It wasn’t the first time, and certainly wouldn’t be the last, but it still stung every time a girl left Calum’s room with sex hair and rumpled clothes, her makeup smudged all over her face. You weren’t anyone special to Calum, but for some stupid reason your heart raced whenever you were around him. It was torture when it was his turn in your chair; your job as the band’s makeup artist becoming harder and harder to be professional at as your attraction and frustration grew towards Calum.

Being the makeup artist, you had first hand access and knowledge to basically everything in the boy’s life; the dark circles under their eyes from lack of sleep, the redness of their noses when they had colds, the dryness of their chapped lips in humid cities, and unfortunately, the hickies dotting their bodies. Your job was to make the boys look as presentable and “normal” as possible, meaning all their imperfections were to be covered up.

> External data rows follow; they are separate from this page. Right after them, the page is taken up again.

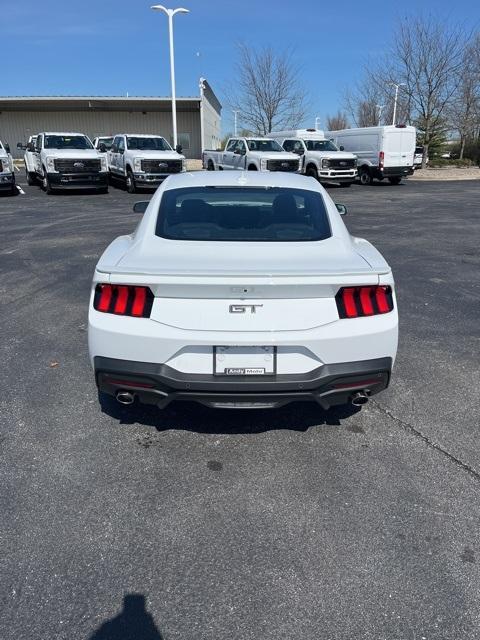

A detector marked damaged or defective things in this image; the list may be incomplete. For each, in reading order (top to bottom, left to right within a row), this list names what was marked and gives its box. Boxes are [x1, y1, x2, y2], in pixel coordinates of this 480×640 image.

parking lot crack [374, 398, 480, 482]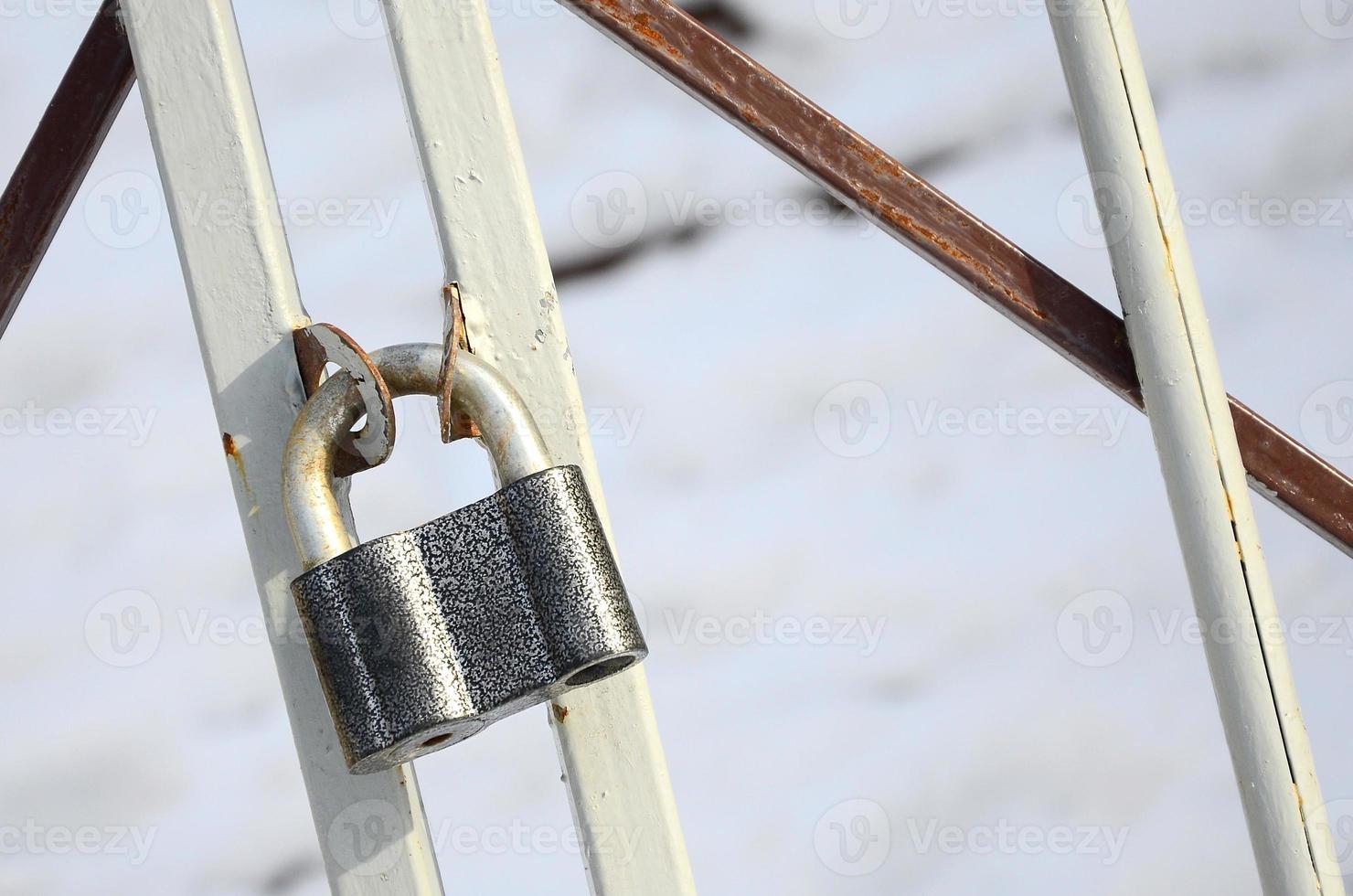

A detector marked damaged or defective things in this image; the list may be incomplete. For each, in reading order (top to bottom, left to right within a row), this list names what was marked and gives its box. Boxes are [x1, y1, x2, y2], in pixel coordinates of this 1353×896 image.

rusty metal bar [0, 0, 133, 340]
rusty metal bar [556, 0, 1353, 556]
corroded hasp [289, 466, 644, 775]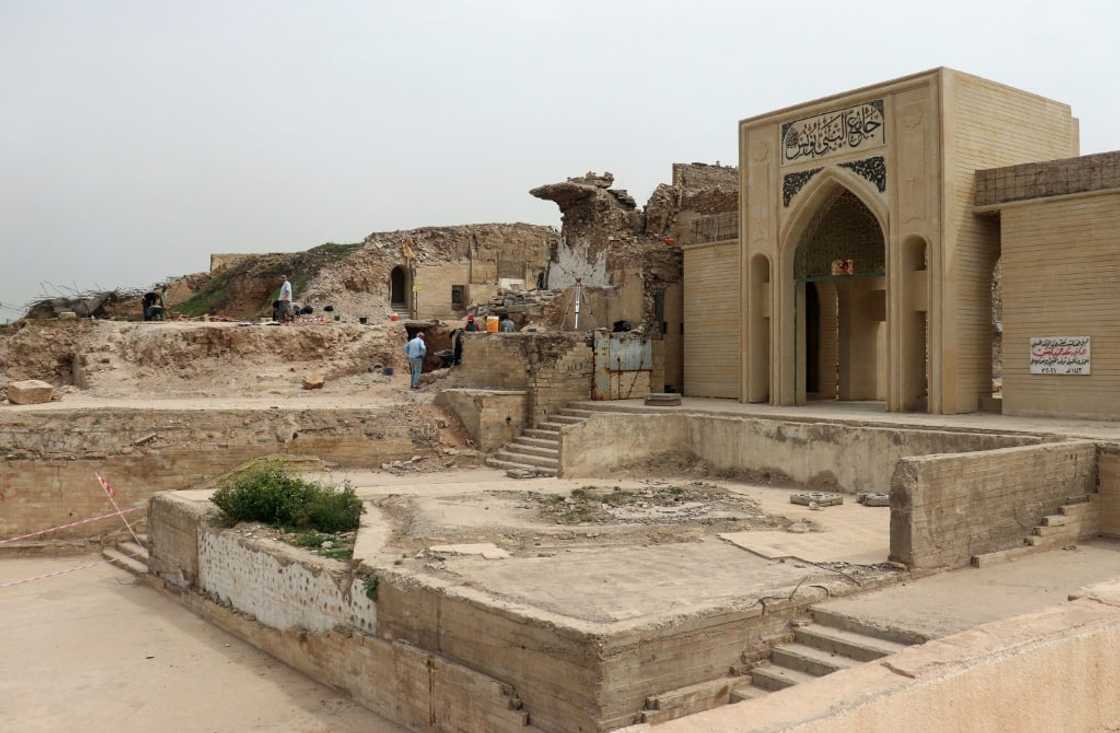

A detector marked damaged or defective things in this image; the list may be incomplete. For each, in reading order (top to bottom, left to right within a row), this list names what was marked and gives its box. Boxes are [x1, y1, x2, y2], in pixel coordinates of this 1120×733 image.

broken concrete slab [6, 378, 55, 407]
broken concrete slab [423, 544, 512, 562]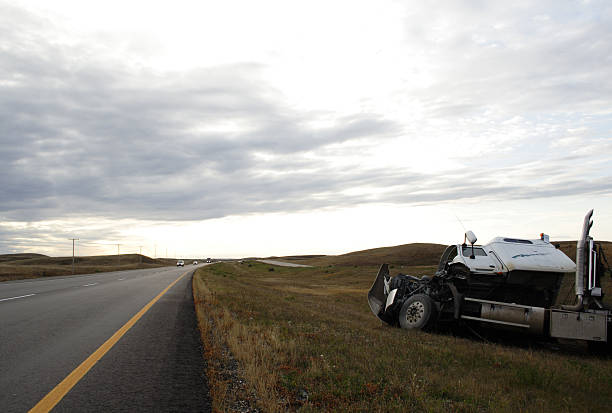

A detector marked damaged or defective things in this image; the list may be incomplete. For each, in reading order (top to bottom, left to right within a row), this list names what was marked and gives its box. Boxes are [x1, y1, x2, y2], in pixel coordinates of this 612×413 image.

damaged truck cab [368, 211, 612, 346]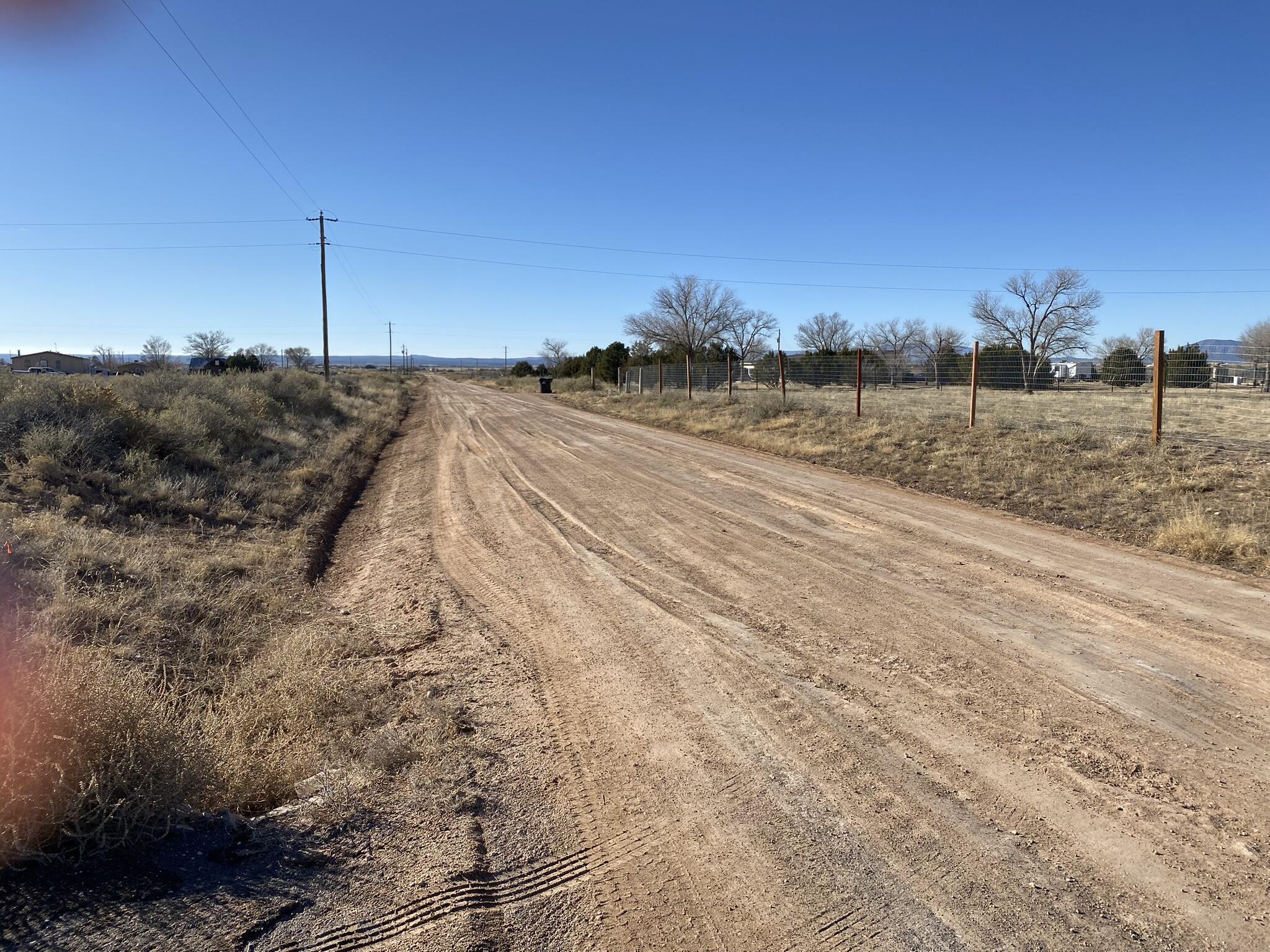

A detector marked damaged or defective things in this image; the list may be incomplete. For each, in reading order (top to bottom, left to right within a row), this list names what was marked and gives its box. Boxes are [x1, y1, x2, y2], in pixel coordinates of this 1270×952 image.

rusty metal fence post [853, 345, 863, 416]
rusty metal fence post [970, 342, 980, 429]
rusty metal fence post [1153, 330, 1163, 446]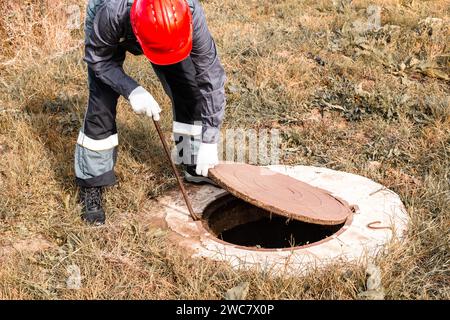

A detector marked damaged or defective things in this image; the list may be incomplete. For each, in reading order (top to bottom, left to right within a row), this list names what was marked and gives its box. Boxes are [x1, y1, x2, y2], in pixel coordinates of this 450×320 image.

rusty iron lid [209, 165, 354, 225]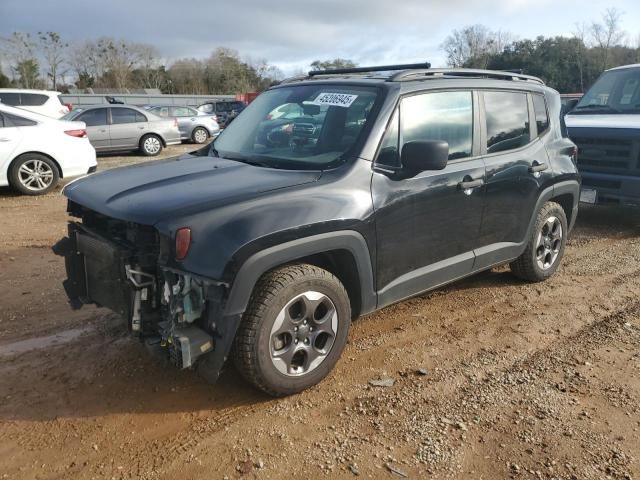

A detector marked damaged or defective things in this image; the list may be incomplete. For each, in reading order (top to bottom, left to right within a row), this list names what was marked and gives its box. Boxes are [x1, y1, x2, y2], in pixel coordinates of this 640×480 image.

damaged front end [53, 202, 230, 376]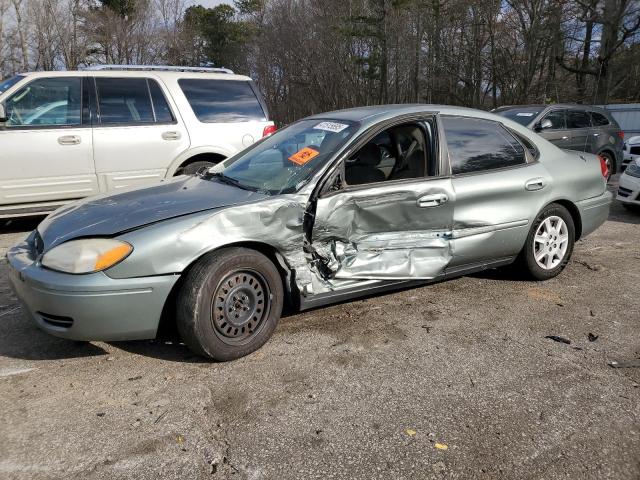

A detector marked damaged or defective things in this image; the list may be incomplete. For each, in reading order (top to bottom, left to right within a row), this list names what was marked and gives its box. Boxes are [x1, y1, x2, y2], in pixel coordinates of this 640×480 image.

broken car body panel [7, 104, 612, 342]
damaged car door [310, 116, 456, 280]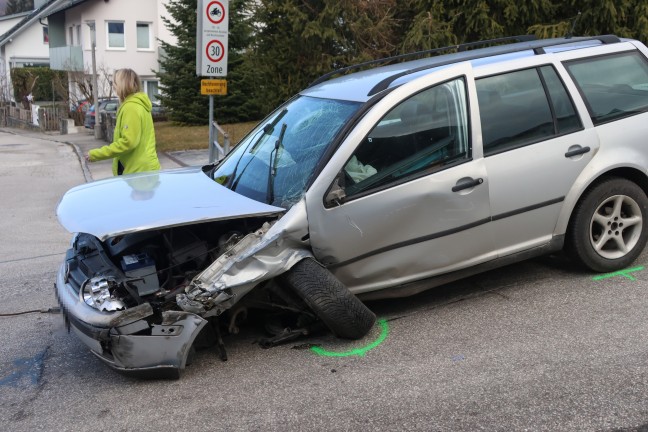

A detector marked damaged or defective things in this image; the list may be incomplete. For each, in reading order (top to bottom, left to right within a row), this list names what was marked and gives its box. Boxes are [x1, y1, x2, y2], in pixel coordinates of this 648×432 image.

crumpled hood [57, 166, 284, 241]
bent wheel [568, 177, 648, 272]
detached front bumper [56, 264, 208, 378]
crashed front end of car [54, 169, 312, 378]
bent wheel [280, 258, 374, 340]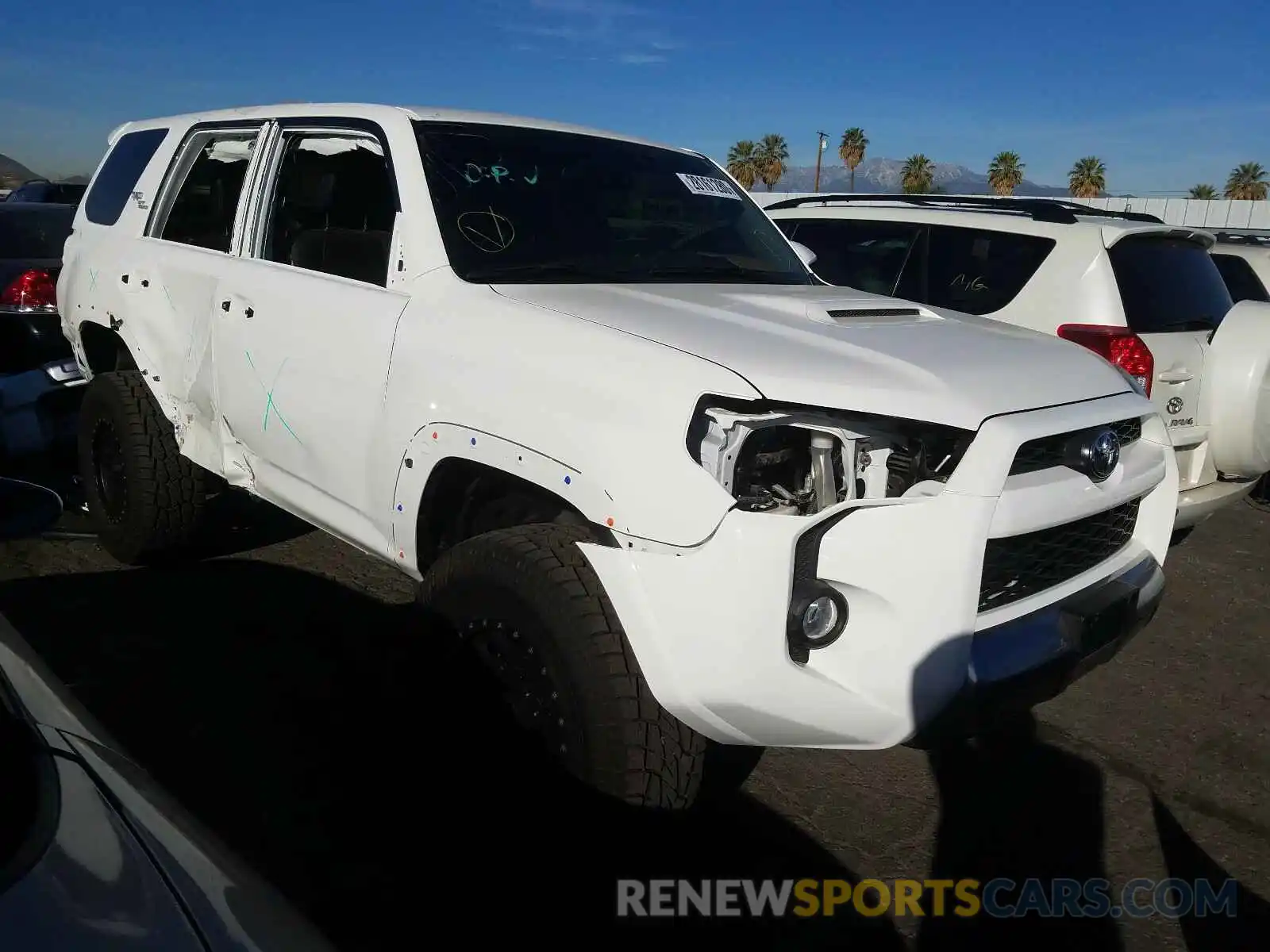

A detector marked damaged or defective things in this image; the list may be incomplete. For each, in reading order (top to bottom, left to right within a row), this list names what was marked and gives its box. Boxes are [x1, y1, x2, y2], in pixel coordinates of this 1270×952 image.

damaged white suv [57, 104, 1168, 806]
missing headlight assembly [695, 397, 972, 514]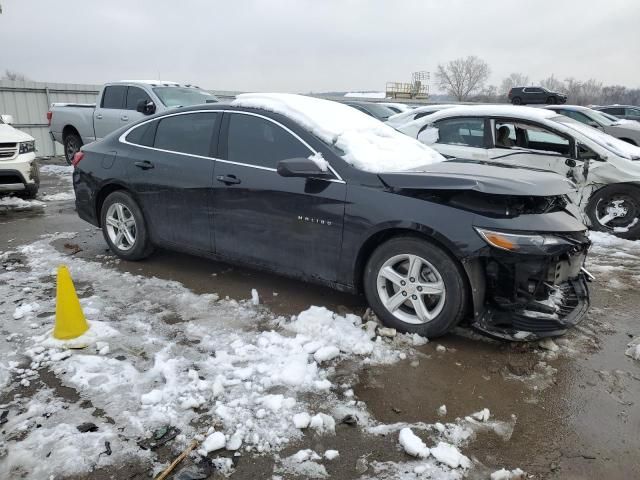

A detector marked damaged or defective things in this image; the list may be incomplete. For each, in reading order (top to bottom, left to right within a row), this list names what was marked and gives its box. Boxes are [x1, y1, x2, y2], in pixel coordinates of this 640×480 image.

broken headlight [476, 229, 576, 255]
front-end collision damage [460, 232, 592, 342]
crumpled bumper [470, 274, 592, 342]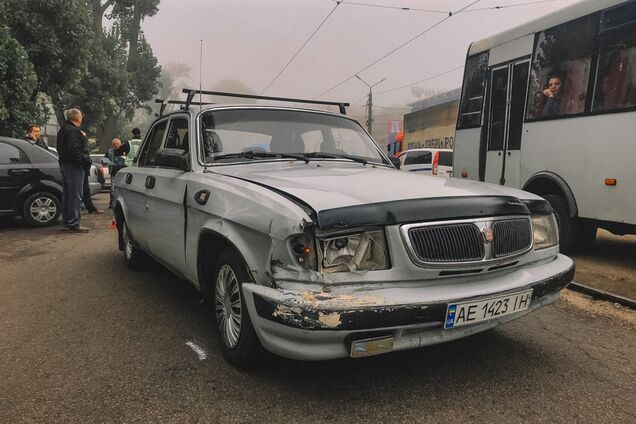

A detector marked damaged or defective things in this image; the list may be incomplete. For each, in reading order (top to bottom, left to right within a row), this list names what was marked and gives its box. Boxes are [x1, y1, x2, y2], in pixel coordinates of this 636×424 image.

damaged white sedan [114, 93, 576, 368]
broken headlight [318, 230, 388, 274]
broken headlight [532, 214, 556, 250]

This morning, Luke and Ashton had been a breeze. Both of the boys had recently been spending less time going out in whatever city the tour was stopped in and as a result, sleeping more. Their makeup was done in less than five minutes, and even Michael with his dark circles from playing his video games to three a.m. were easy to deal with. Calum… not so much.

“Damn,” Luke remarked, glancing at Calum’s neck and chest area after you asked him to take off his shirt. “That girl did a number on you.”

Calum smirked in reply but said nothing, the quirk of his lips only growing larger as the other two hooted in agreement at him, his chest puffing out in pride.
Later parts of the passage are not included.